Recorded information
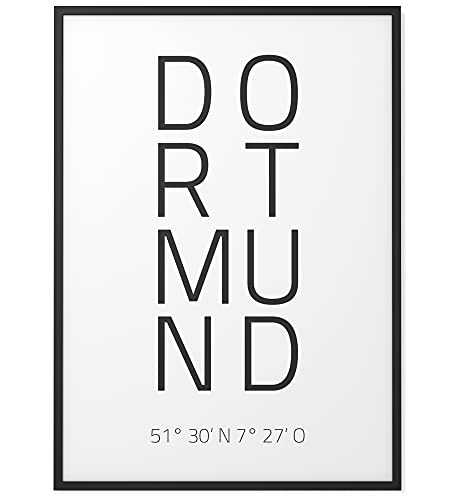 Papierschmiede® Geo Poster Koordinaten Dortmund, A3 Stadt Poster als Wanddeko für Wohnzimmer Schlafzimmer Küche Esszimmer, BVB Ruhrgebiet, Bild ohne Rahmen von Papierschmiede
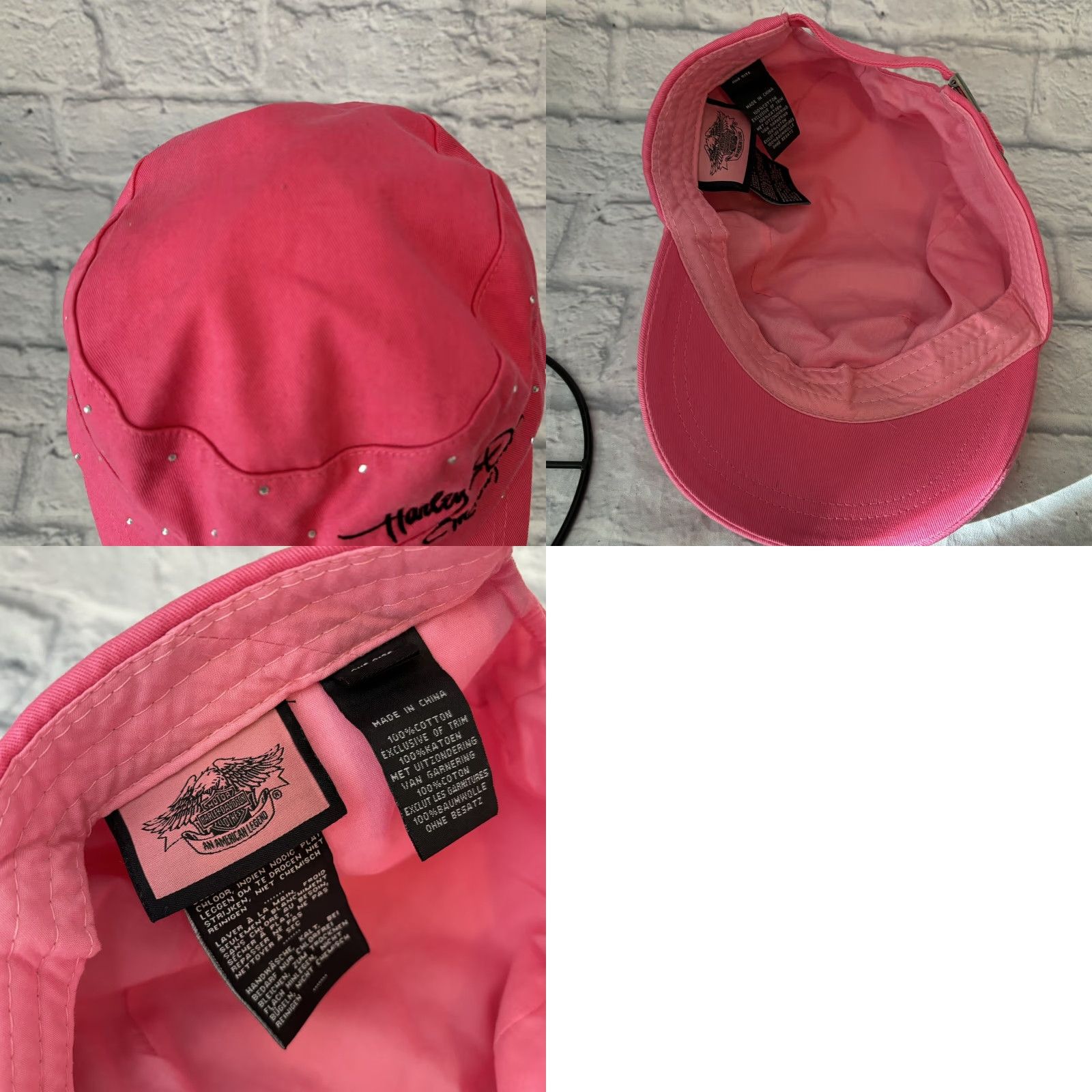 Harley Davidson VINTAGE Harley-Davidson Hat Bling Pink Rare Rhinestone Cap One Size Women's Newsboy Cap Size ONE SIZE - 8 Thumbnail
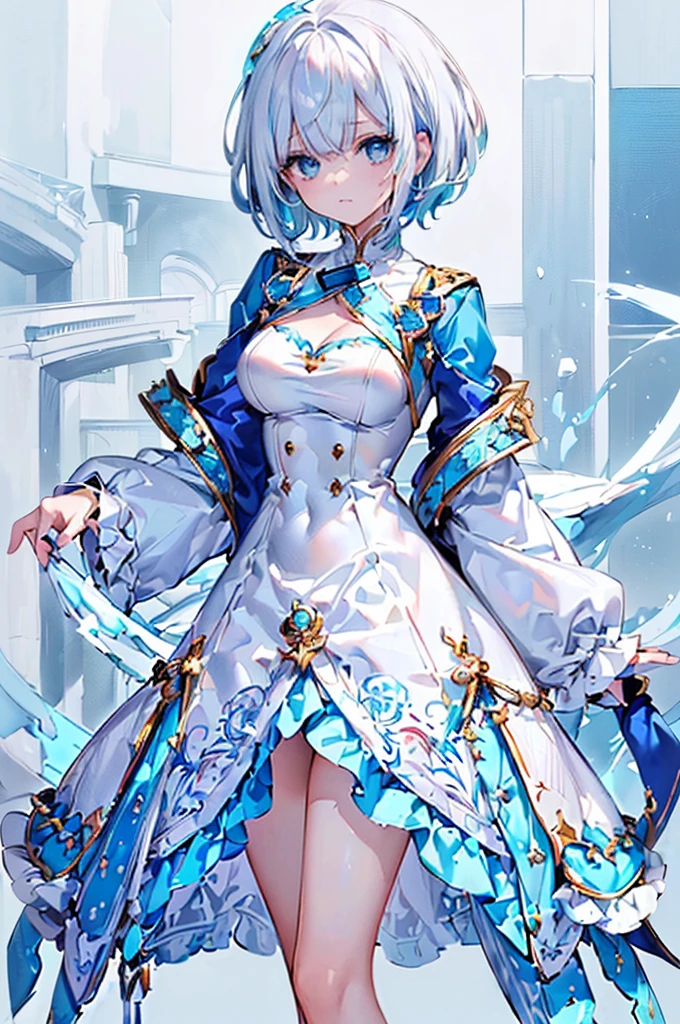 (top-quality、in 8K、32K, (Masterpiece, Slim Body, Delicate Fingers: 1.2), Best Quality, (Illustration: 1.2), (Hyper Detail), Eye Focus, Ultra Detail, (Fine Detail), (Intricate Detail), HDR, (Ultra Detail: 1.15), (Soft Light: 1.2), (1 girls), Wear, ((nobility lady cloth), (neat outfit:1.5), (costume with blue accents: 1.2), (white shirt) , (blue jacket: 1.3), (short white pant), (White hair and blue highlights),cyan eyes, ager, medium, short hair, solo, multicolored hair, ahoge, (medium breasts:1.2), high quality, best quality, full body image,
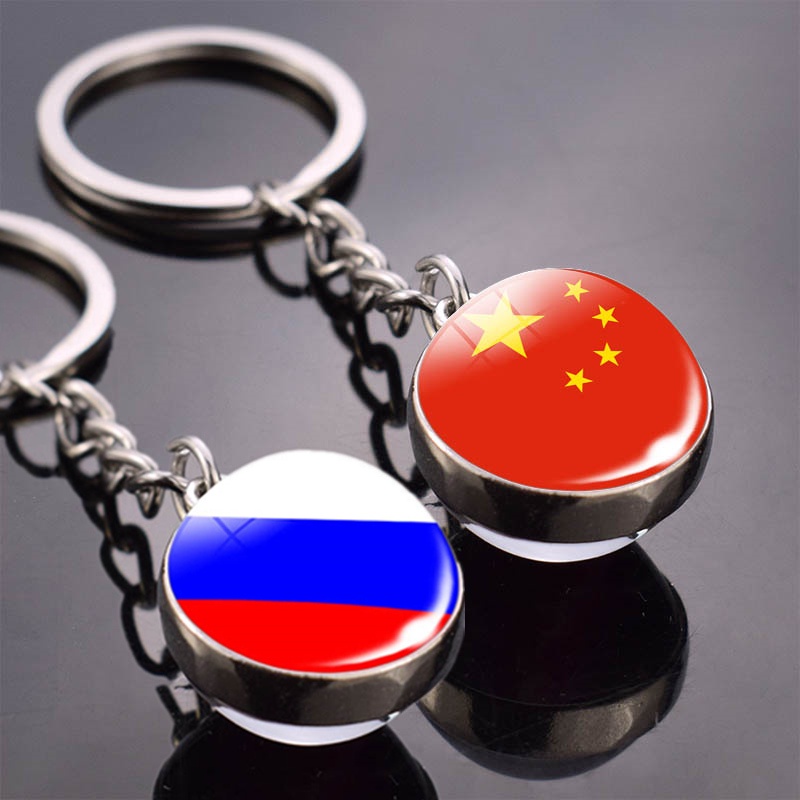 Móc Khóa Hai Mặt Hình Lá Cờ Nước Nga Ấn Độ Afghanistan Ai Cập Singapore Nepal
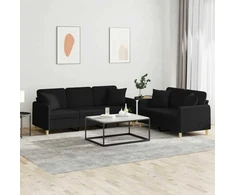 Sofa Sofos komplektas su pagalvėmis, 2 dalių, juodas, audinys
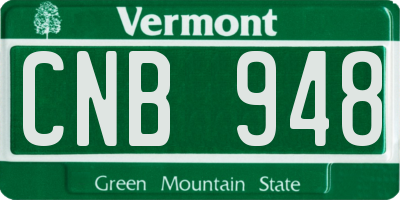 VT license plate CNB948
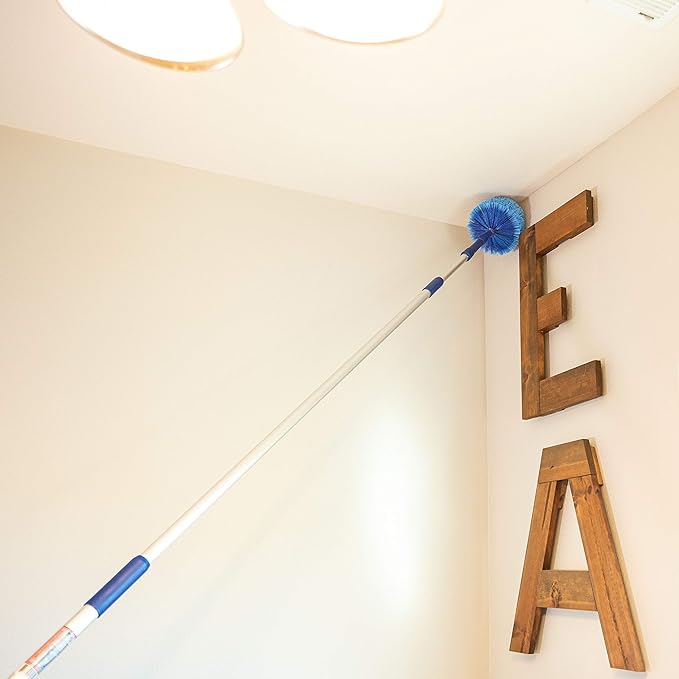 Cobweb Duster Extendable Reach 20 feet Ceiling Fan Duster | 3-Stage Aluminum Telescoping Pole | Medium Stiff Bristles | Long Handle Webster Duster for Cleaning | U.S Duster Co.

Your instructions
In your reply, please set down exactly the lines from the one containing "Sofa Sofos komplektas" through the end of the records, with the pictures left out.

Answer for this exercise
 Sofa Sofos komplektas su pagalvėmis, 2 dalių, juodas, audinys
 VT license plate CNB948
 Cobweb Duster Extendable Reach 20 feet Ceiling Fan Duster | 3-Stage Aluminum Telescoping Pole | Medium Stiff Bristles | Long Handle Webster Duster for Cleaning | U.S Duster Co.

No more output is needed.